The Assassination is pictorially one of the more simplified images, and the foreshortening and flattening of the image that is typical in naïve art is particularly noticeable here. The elements of the image are more pared back here, and the effect is starker – an horrific moment frozen and flattened in time.
It is interesting to contrast the piece entitled The Funeral Cortege with earlier works such as JFK Tickertape Parade or Swearing In Ceremonies. In the earlier pieces, the upward momentum of shape, line and brushstrokes give an air of positivity and excitement. The colours are vibrant and the crowds are dressed in bright, individually realized outfits. This can be juxtaposed with The Funeral Cortege and it’s near monochromatic, solemn palate and sombre elongation of architectural features. The crowd has become featureless and each person is dressed similarly giving the impression of nameless, faceless grief.
The Gravity of The Funeral Cortege is somewhat alleviated in the painting entitled Lying in State which depicts the presidential casket lying in state at The Capitol as viewed from high above. The audience is removed from the sorrow of the moment as we soar above the casket which is dwarfed by distance and the size of the great room. The depiction of formalized and symmetrical architectural elements of the domed ceiling as viewed from above lend this painting a highly stylized air despite the fact that it is actually a fairly realistic rendering.

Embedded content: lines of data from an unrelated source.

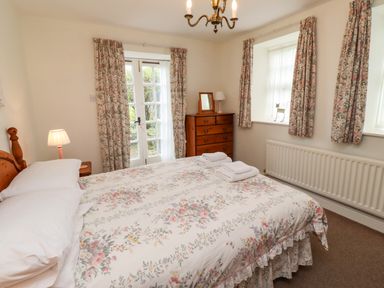 A bedroom with a bed with floral bedding a wooden chest of drawers bedside table lamps and floral curtains at Glebe Cottage in Bamburgh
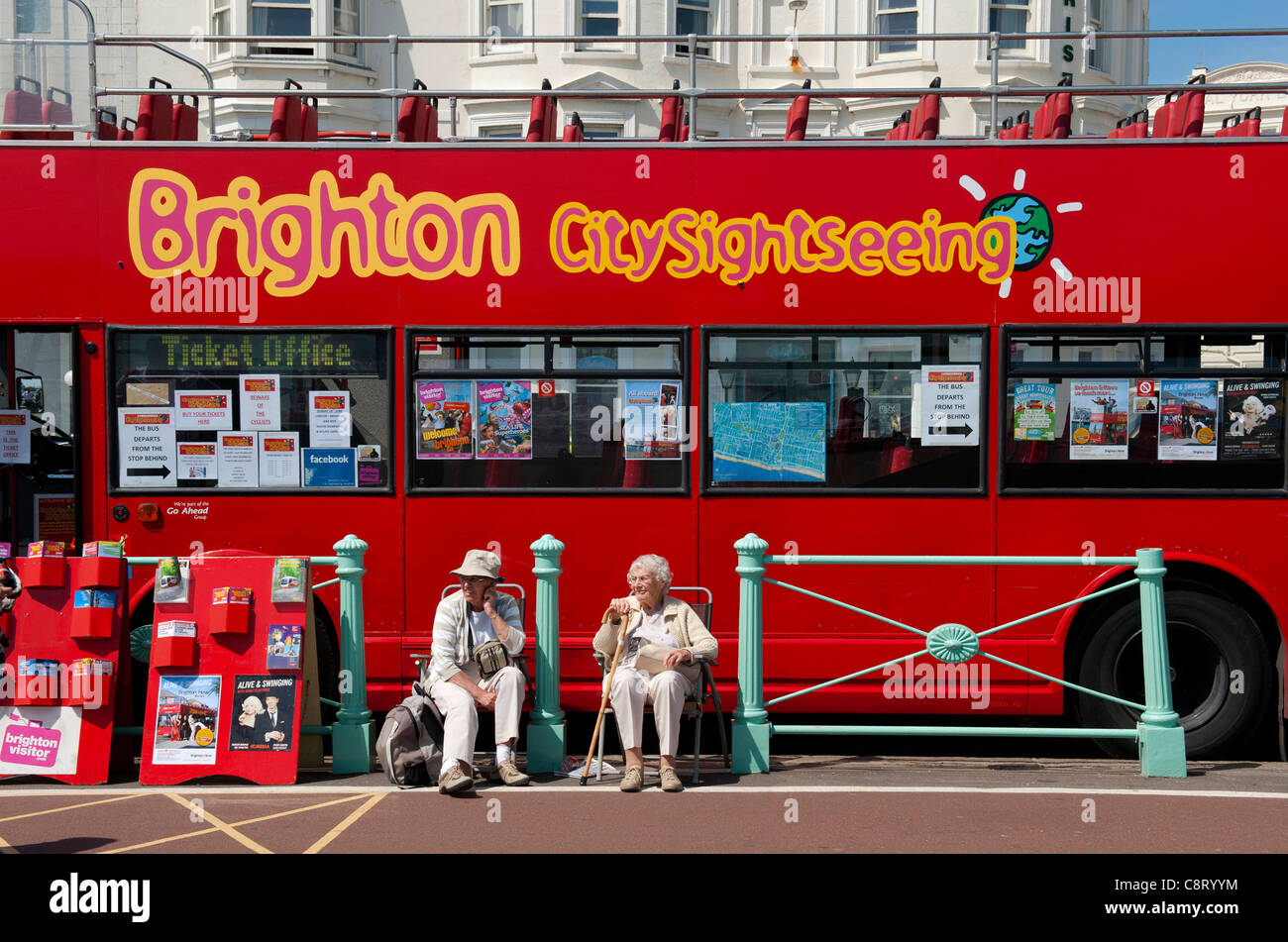 Elderly couple sittong by a tourist bus on the seafront in Brighton, Sussex, UK Stock Photo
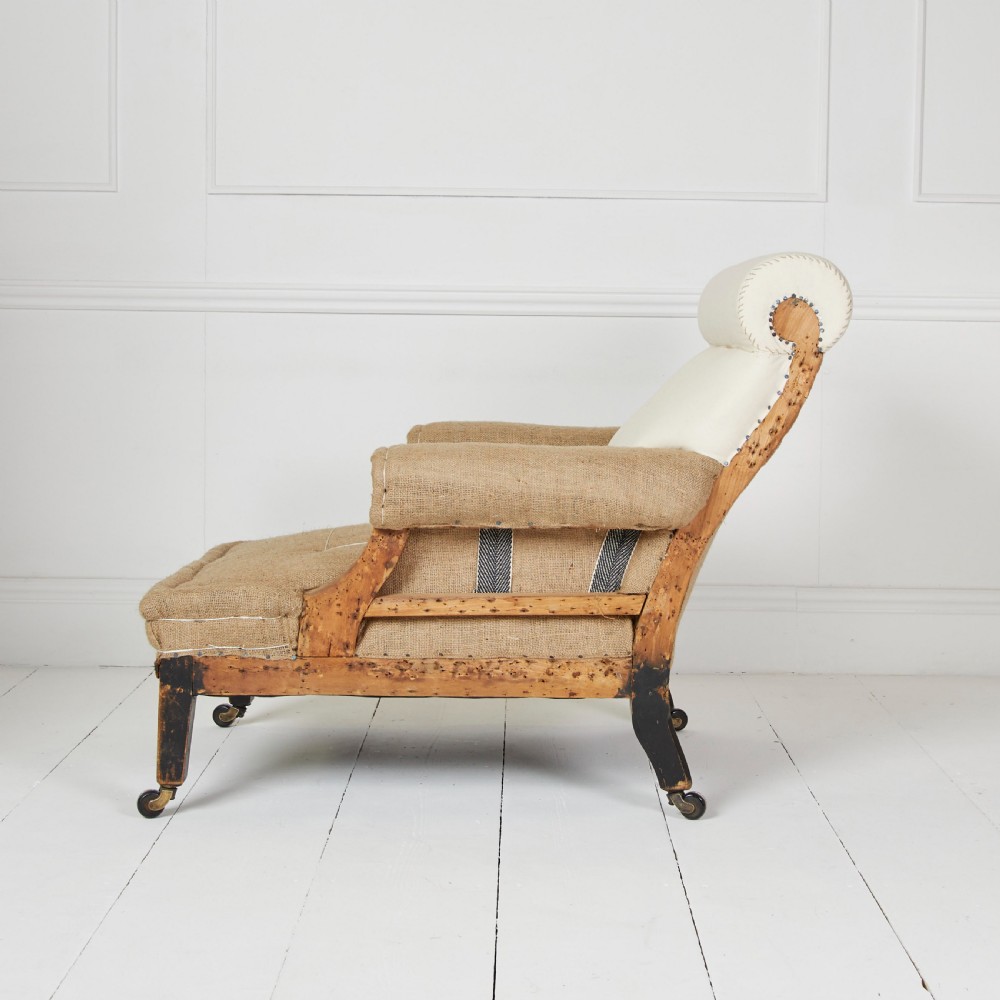 A Victorian scroll-back armchair featuring exposed deconstructed hessian upholstery, a cream fabric back roll, turned dark legs, and brass castors. View II
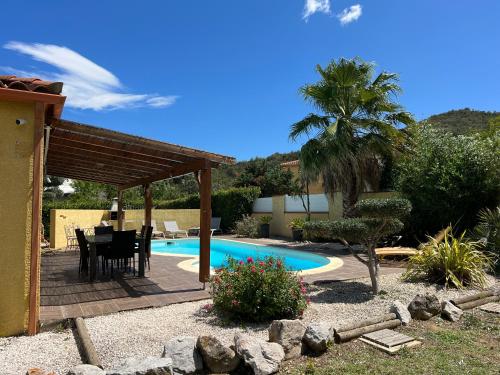 un patio avec une table et des chaises à côté d'une piscine dans l'établissement Villa l Olivier avec piscine privée, à Les Cluses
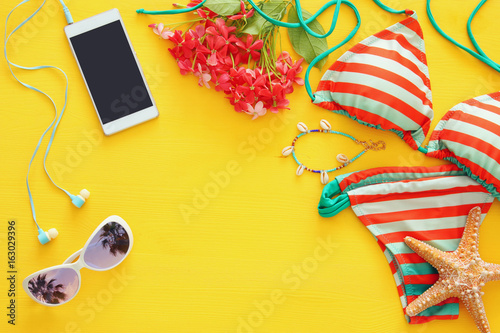 Top view of fashion female swimsuit bikini on yellow wooden background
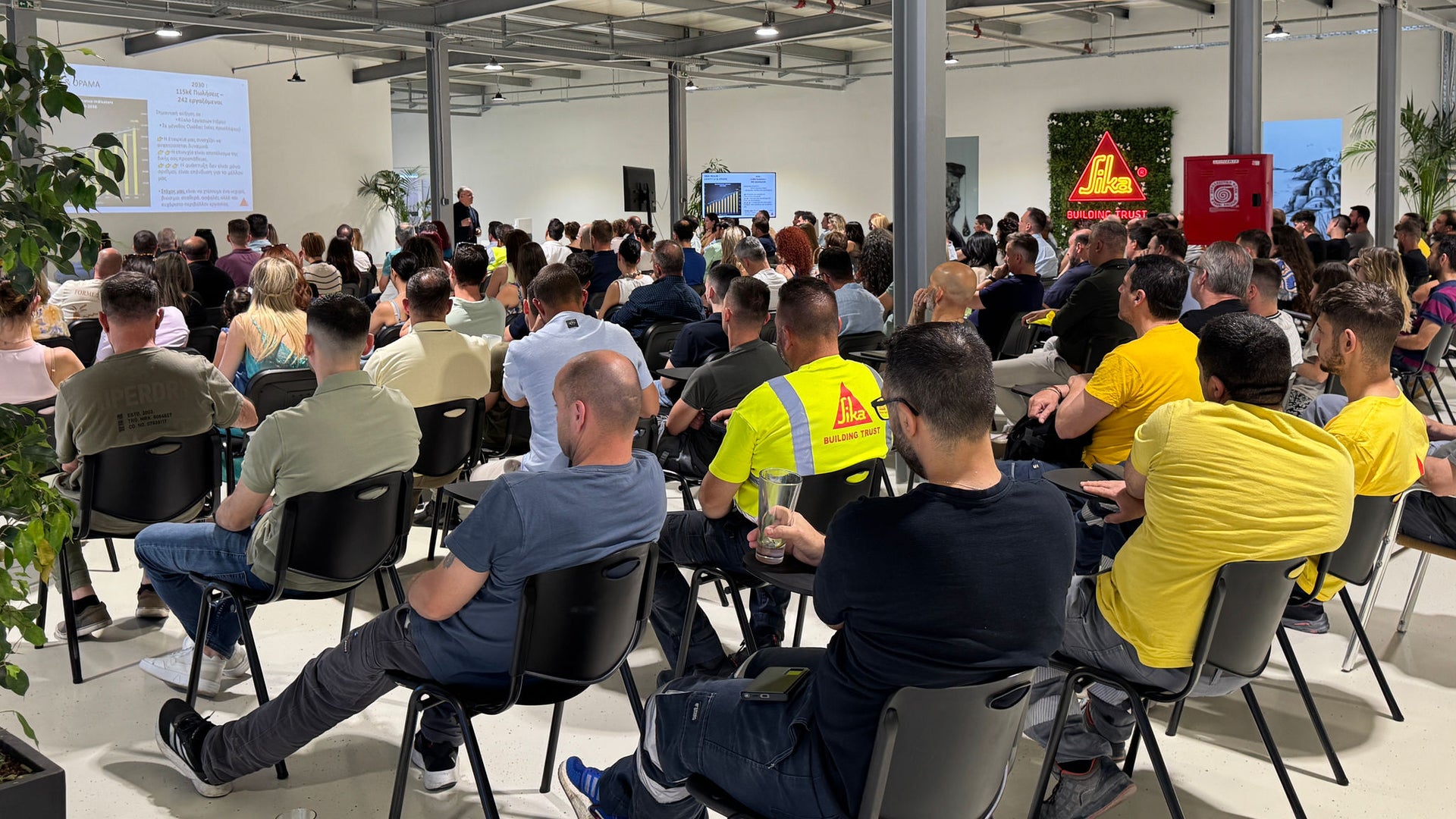 Large audience attending indoor business presentation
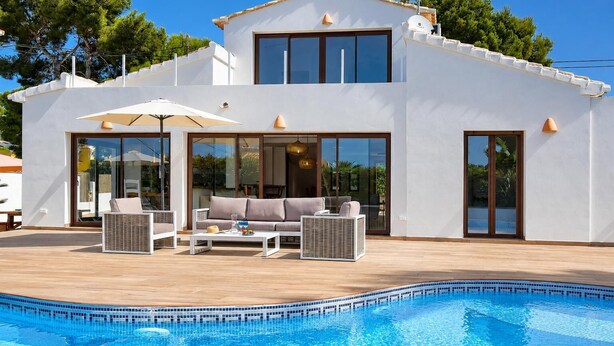 A modern two-story house with a swimming pool, outdoor furniture, and large windows.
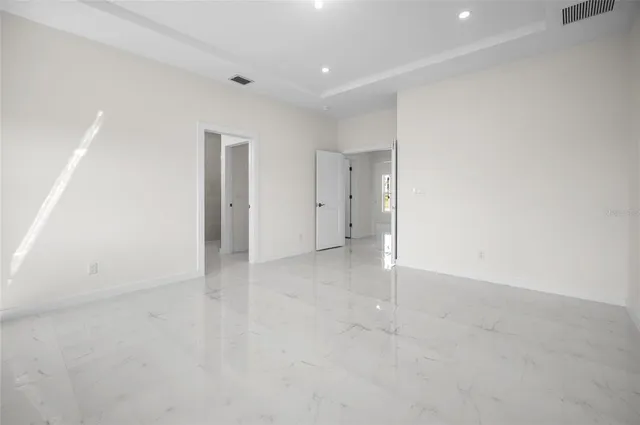 a bathroom with a granite countertop toilet a sink and shower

When asked in the oral history video interview that accompanies the collection of paintings now held at the museum whether the experience of painting these images was cathartic, Stretzel replied “No, It made me feel worse”. She then went on to clarify that painting the happy events was just as evocative, bringing back a flood of positive memories. This I think summarizes the exhibit perfectly – these images are an intensely personal response to the events (and the man). Due to their naïve style and simple approach, these fairly primitive images may perhaps evoke in us a more individual and subjective response than that which we might have had just viewing the archival material displayed on The Sixth Floor Museum.